| Records for the exercise |
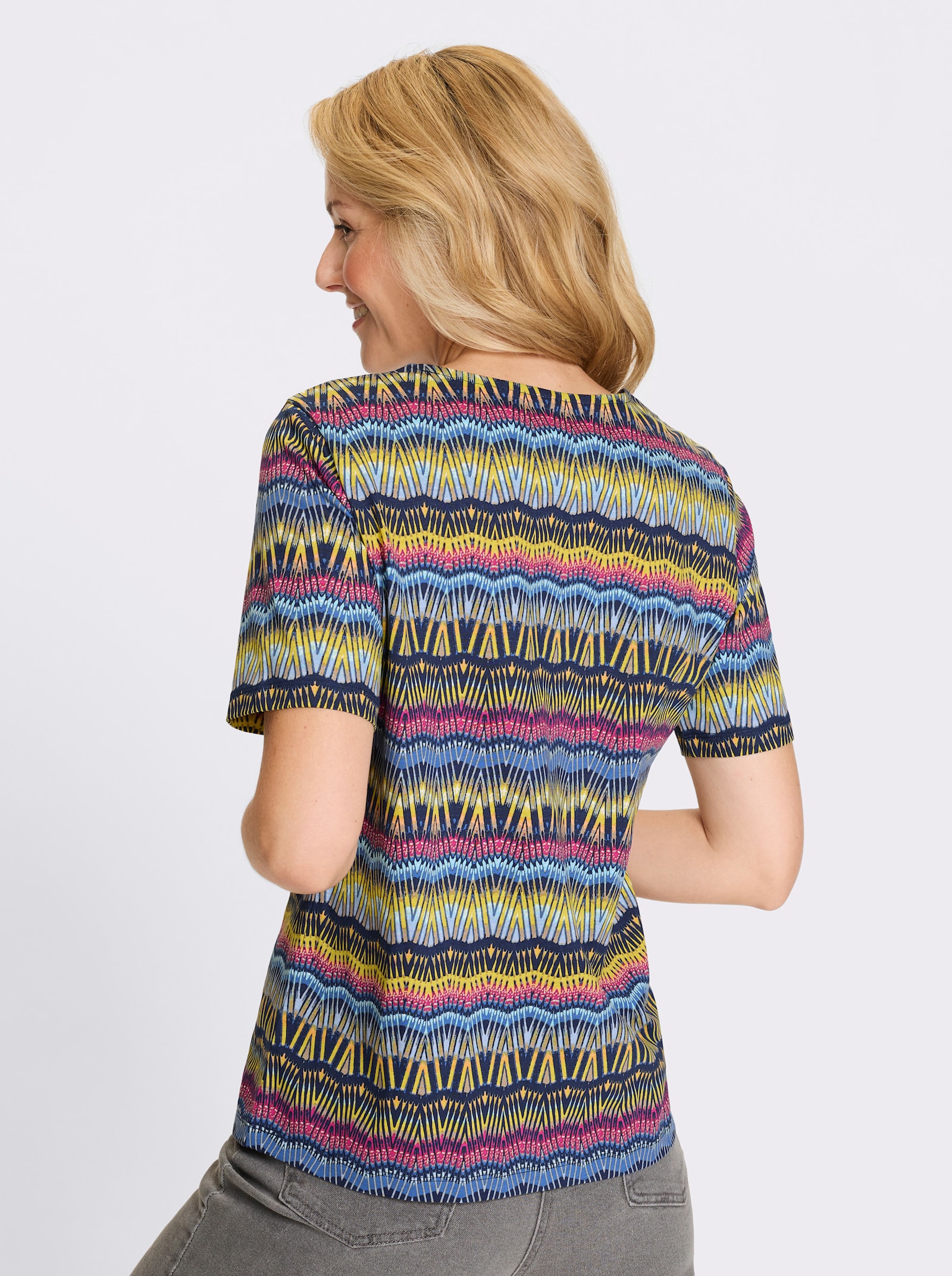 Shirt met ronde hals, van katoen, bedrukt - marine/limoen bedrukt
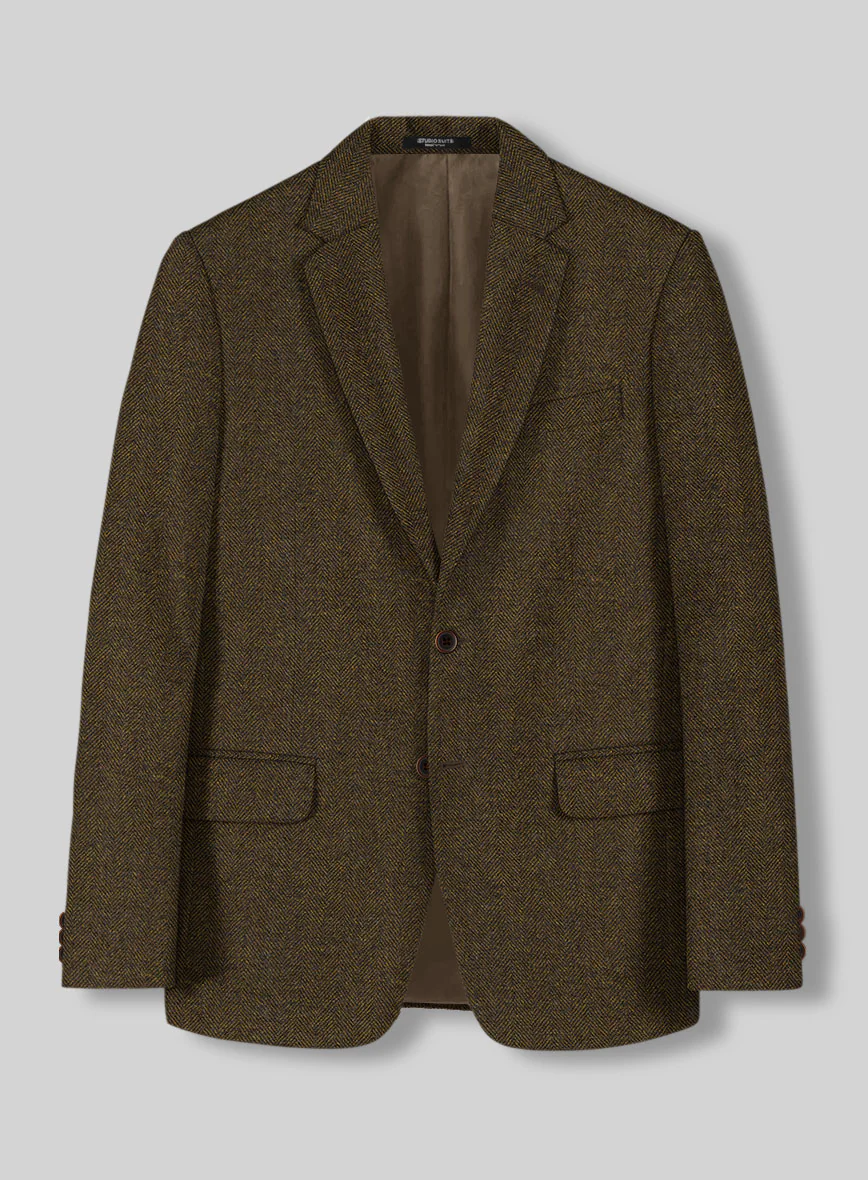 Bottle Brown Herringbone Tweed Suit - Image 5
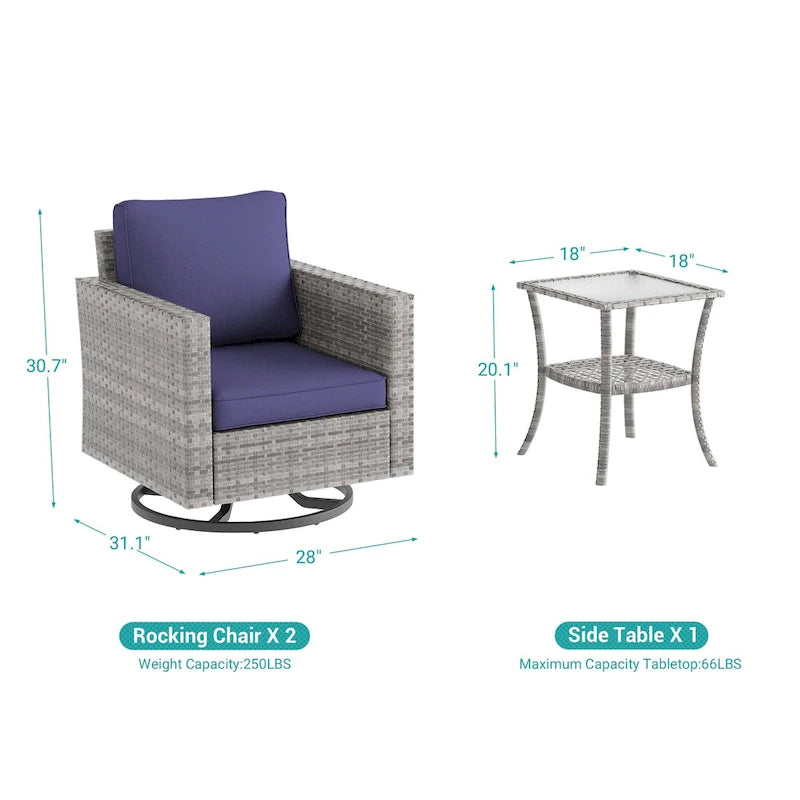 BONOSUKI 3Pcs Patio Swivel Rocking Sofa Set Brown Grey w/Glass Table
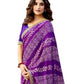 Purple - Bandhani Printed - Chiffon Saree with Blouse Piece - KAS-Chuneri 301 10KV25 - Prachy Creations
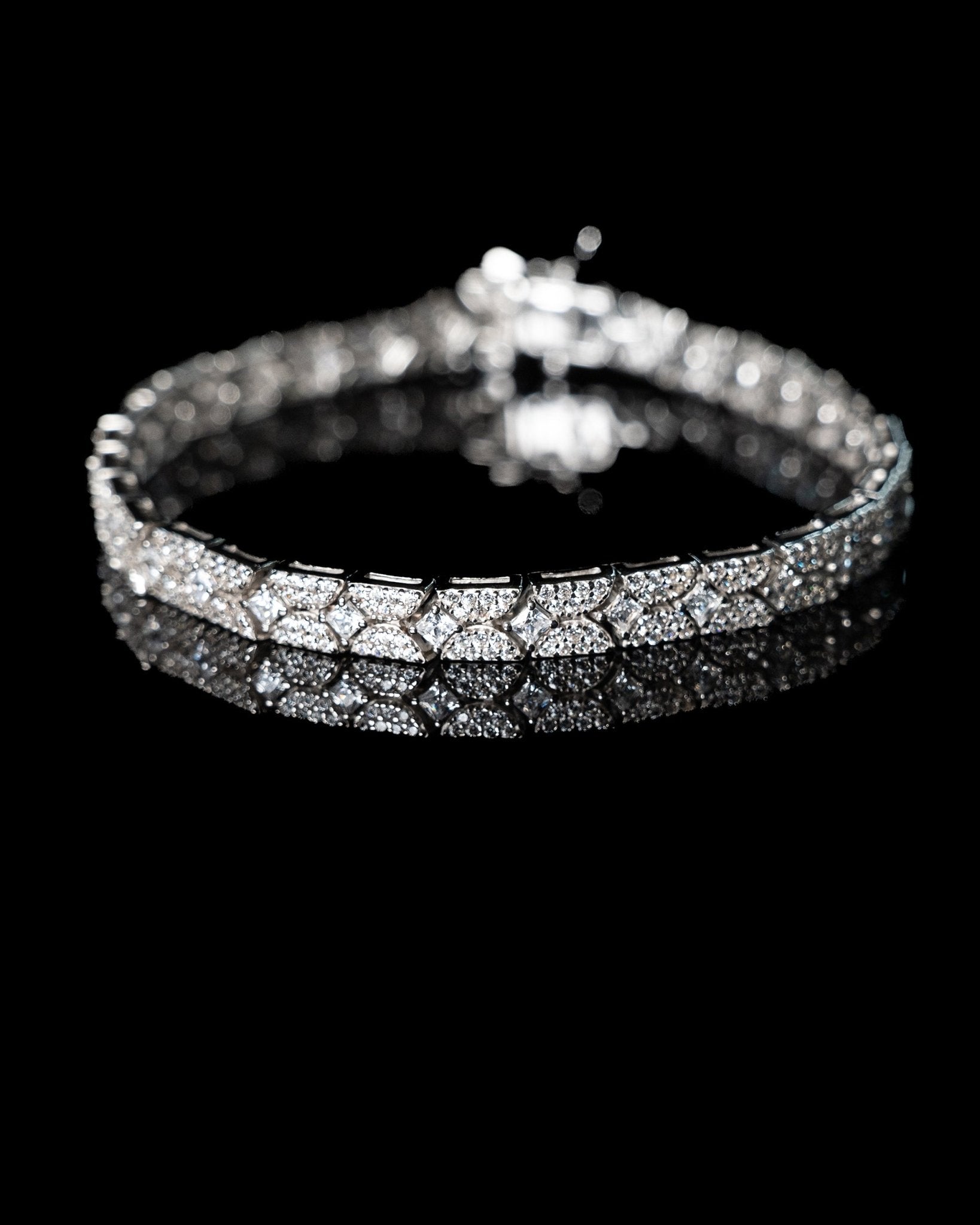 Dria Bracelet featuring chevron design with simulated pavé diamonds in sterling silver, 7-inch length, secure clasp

| Task goal |
Keep each line of the records exactly as it is while transcribing them, but leave the images behind.

| Worked solution |
 Shirt met ronde hals, van katoen, bedrukt - marine/limoen bedrukt
 Bottle Brown Herringbone Tweed Suit - Image 5
 BONOSUKI 3Pcs Patio Swivel Rocking Sofa Set Brown Grey w/Glass Table
 Purple - Bandhani Printed - Chiffon Saree with Blouse Piece - KAS-Chuneri 301 10KV25 - Prachy Creations
 Dria Bracelet featuring chevron design with simulated pavé diamonds in sterling silver, 7-inch length, secure clasp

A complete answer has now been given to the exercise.